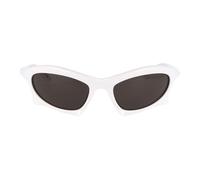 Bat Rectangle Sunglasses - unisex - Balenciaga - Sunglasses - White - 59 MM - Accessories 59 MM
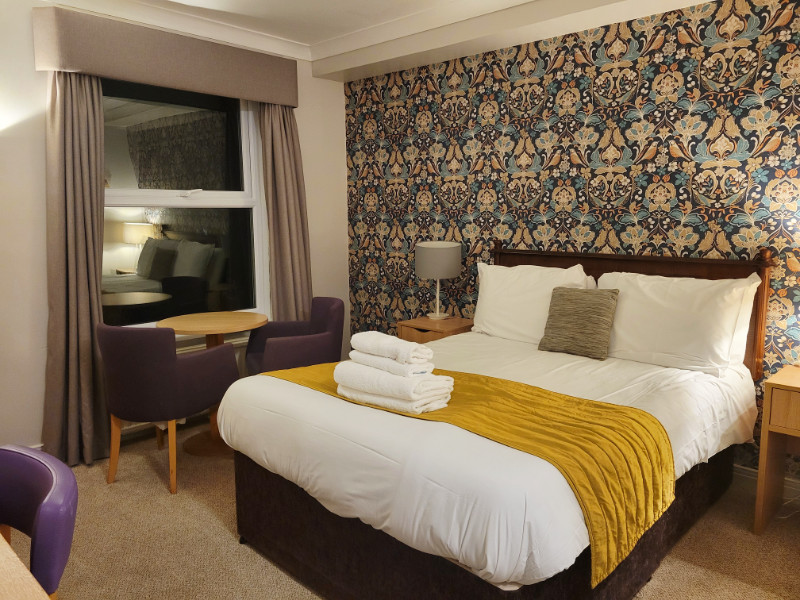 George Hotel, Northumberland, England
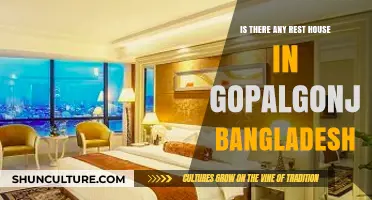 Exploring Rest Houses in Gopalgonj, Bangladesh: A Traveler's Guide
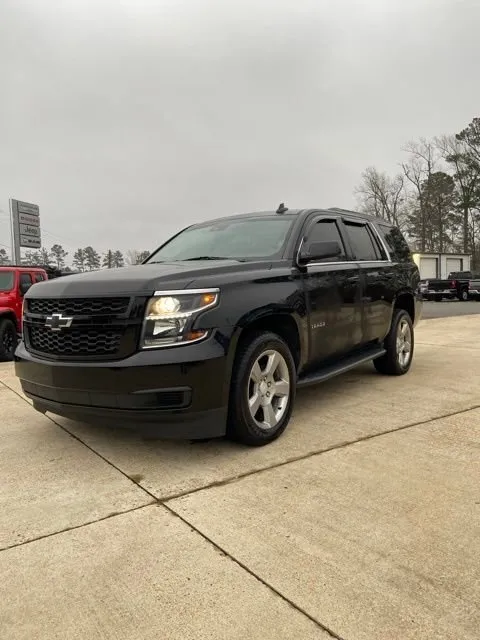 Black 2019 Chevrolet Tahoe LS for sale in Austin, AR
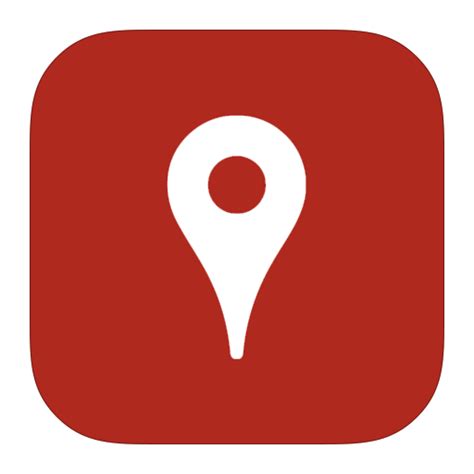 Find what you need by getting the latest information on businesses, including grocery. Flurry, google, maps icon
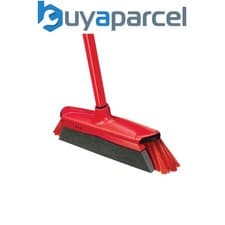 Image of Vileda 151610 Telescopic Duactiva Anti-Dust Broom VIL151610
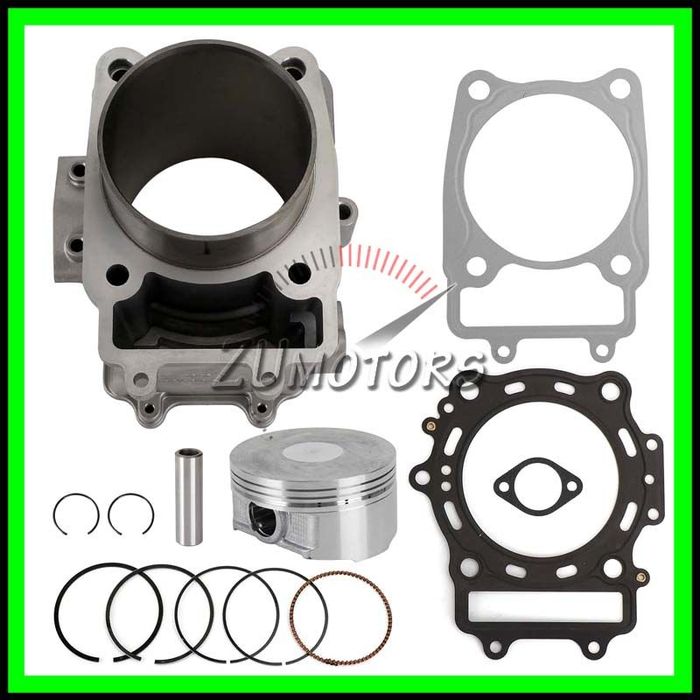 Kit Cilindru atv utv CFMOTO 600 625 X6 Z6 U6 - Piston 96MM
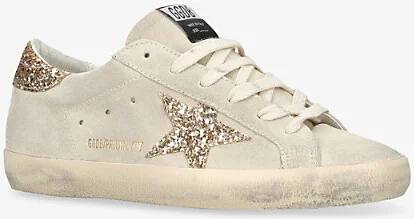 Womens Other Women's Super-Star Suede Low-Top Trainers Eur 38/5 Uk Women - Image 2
...
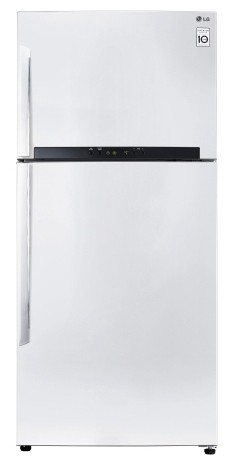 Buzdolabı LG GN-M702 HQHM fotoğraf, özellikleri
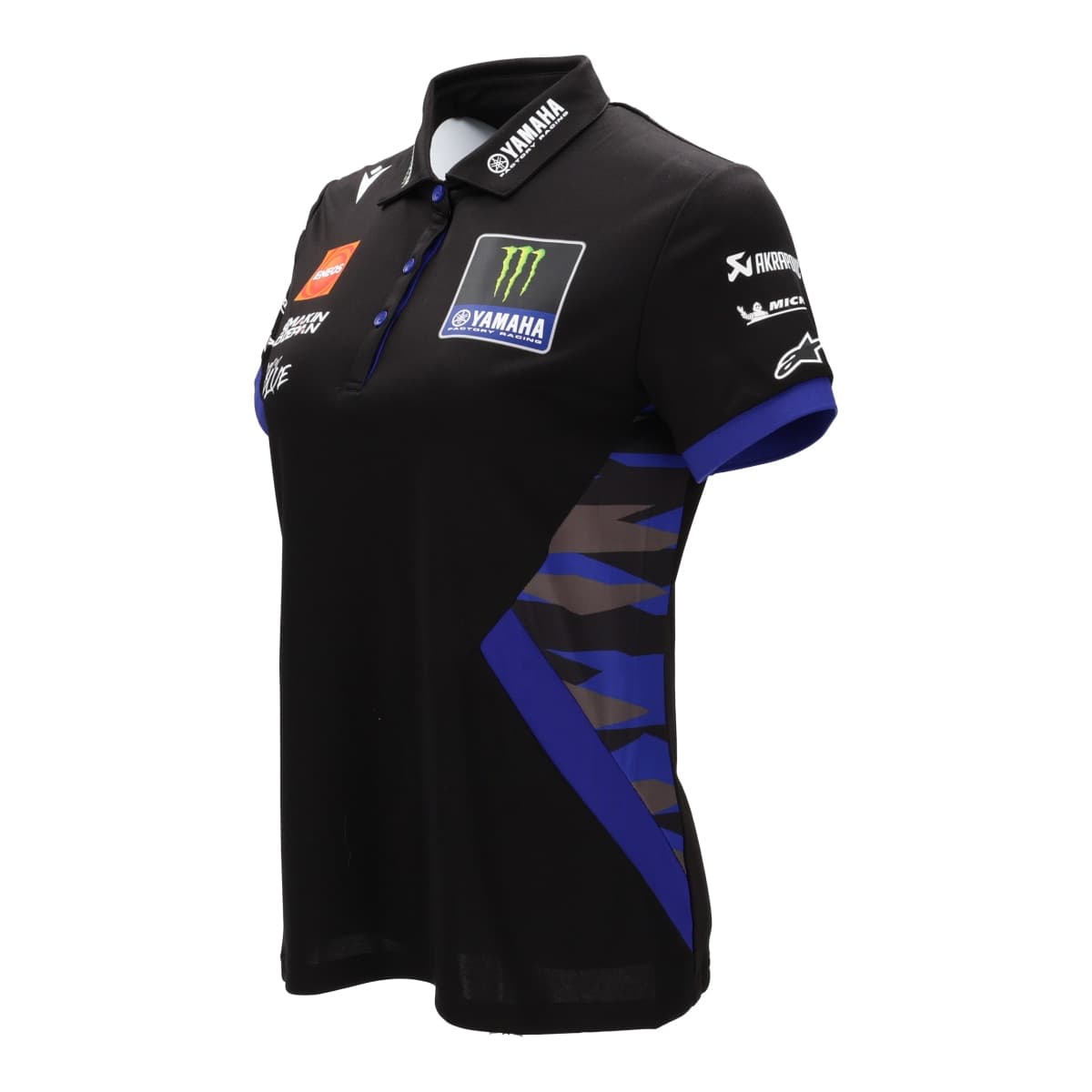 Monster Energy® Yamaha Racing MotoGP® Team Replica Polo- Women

▶ _EXERCISE_: Copy word for word only the lines above from the one with "Black 2019 Chevrolet" through the one with "Womens Other Women's". Leave pictures out.

▶ _REPLY_:
 Black 2019 Chevrolet Tahoe LS for sale in Austin, AR
 Find what you need by getting the latest information on businesses, including grocery. Flurry, google, maps icon
 Image of Vileda 151610 Telescopic Duactiva Anti-Dust Broom VIL151610
 Kit Cilindru atv utv CFMOTO 600 625 X6 Z6 U6 - Piston 96MM
 Womens Other Women's Super-Star Suede Low-Top Trainers Eur 38/5 Uk Women - Image 2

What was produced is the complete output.